Imel is among those pleased that the meeting will be held. “Indeed, if you are seriously considering budget changes, charter amendments, reforming policy, and releasing transparency materials, then you will be spending a lot of time on the topic of police reform,” he wrote. “I would like to see more time spent on police reform in our council meetings very soon.”
Josh Atlas, upset by the state of policing and police oversight in the community, is another South Pasadena resident who welcomes the discussion about police reform close to home.
“Though there are local and national protests, the city council and public safety commission have offered little acknowledgment that our local police office is in need of reform,” he wrote in a letter also read during last week’s City Council meeting. “The city council should immediately enact the reforms outlined in Campaign Zero (found at 8cantwait.org). Specific policy language can be found there as well.

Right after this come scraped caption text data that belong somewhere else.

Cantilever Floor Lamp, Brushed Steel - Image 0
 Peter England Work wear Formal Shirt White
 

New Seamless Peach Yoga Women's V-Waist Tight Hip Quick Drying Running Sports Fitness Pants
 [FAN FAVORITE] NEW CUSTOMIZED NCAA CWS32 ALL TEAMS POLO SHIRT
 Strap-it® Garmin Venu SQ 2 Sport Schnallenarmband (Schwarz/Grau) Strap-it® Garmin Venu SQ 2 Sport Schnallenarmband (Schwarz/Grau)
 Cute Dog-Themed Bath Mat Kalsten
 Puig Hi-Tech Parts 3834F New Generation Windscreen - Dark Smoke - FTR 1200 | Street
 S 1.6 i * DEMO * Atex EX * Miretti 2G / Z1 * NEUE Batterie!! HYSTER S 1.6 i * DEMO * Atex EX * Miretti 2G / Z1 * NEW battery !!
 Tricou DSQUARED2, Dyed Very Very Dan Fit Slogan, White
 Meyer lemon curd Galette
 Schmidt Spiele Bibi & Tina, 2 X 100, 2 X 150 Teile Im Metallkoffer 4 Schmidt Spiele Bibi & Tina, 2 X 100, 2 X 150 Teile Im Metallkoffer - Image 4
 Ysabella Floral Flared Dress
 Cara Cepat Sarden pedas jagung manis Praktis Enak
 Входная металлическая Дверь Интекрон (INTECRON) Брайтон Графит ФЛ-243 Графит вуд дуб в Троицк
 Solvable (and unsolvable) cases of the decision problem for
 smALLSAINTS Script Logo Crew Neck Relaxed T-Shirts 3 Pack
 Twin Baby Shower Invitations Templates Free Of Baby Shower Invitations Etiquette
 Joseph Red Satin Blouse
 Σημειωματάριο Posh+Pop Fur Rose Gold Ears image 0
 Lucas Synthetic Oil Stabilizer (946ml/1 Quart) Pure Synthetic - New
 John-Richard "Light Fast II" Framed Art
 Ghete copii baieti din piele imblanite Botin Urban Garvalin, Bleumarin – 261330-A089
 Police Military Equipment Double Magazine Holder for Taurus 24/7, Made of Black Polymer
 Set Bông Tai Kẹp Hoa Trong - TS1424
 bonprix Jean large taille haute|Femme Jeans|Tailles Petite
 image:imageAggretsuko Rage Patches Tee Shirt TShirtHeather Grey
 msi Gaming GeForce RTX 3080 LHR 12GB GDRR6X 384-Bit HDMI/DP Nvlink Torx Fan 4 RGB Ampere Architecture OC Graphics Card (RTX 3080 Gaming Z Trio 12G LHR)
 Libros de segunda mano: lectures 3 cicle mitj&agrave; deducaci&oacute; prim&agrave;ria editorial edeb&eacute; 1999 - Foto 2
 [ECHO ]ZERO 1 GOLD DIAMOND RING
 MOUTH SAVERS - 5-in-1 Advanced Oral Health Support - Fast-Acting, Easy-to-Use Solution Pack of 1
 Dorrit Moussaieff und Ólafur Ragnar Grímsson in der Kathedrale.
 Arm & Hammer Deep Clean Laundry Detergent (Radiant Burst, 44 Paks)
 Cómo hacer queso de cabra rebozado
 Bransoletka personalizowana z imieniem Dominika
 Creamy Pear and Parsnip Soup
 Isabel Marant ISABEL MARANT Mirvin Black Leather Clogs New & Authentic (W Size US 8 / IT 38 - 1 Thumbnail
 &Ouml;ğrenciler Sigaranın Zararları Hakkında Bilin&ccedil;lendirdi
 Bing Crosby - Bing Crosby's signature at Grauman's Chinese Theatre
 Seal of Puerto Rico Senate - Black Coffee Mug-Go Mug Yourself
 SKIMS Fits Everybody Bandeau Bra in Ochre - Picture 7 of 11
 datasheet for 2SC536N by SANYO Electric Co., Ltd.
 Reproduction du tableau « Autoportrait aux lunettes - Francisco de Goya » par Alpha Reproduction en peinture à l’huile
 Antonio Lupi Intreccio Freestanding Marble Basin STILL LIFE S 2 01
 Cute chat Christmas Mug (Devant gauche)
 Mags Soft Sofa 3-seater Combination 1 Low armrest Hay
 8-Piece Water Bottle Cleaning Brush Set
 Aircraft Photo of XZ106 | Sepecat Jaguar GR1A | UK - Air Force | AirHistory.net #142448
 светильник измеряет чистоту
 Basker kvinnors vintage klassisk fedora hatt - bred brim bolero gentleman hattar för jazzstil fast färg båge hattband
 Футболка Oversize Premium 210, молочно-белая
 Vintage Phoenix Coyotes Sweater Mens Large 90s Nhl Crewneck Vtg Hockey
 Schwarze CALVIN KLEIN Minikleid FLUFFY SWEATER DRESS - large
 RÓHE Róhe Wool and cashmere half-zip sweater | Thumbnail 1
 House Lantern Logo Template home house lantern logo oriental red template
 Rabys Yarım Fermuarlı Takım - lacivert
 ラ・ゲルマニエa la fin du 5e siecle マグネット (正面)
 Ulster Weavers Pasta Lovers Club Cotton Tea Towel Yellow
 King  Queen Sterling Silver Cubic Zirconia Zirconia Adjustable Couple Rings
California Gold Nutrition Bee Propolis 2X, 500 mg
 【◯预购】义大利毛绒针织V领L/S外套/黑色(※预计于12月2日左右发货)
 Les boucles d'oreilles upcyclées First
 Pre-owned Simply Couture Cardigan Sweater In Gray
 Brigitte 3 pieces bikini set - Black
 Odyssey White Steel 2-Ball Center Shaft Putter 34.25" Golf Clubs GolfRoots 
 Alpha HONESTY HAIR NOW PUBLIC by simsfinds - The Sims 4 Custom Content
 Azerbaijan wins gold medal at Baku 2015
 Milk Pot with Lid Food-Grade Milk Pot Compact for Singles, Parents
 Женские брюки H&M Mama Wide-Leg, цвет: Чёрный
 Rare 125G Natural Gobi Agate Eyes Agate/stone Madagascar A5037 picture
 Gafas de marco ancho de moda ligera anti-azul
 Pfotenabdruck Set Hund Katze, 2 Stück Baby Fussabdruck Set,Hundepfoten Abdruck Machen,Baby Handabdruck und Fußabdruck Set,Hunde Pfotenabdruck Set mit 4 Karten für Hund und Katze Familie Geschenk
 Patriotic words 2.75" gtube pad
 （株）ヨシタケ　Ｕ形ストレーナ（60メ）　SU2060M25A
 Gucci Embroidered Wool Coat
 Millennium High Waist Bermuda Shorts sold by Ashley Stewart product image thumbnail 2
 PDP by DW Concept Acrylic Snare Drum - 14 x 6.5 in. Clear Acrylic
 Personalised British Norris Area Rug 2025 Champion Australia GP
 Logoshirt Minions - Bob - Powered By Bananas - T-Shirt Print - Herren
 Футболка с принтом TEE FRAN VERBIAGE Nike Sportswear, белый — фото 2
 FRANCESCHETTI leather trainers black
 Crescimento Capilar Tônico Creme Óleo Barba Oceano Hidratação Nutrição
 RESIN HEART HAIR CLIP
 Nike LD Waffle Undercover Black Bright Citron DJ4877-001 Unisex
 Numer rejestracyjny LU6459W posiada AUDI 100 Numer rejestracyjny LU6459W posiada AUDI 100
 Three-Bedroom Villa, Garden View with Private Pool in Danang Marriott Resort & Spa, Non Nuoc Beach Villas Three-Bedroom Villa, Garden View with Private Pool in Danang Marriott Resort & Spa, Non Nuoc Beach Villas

As labor negotiations progress with SPPD, the city must also insist that officers involved in violent and abusive conduct be removed from their positions and held legally accountable for their actions.”
During June’s Safety Commission meeting, Atlas claims South Pasadena Police Chief Joe Ortiz said that “most, if not all” of his officers had received anti-bias training.
“Why haven’t all officers been trained?” asked Atlas. “When will all officers have received training? These are all very minimal questions and requests to start creating a more just community. We cannot tolerate the council’s negligence.”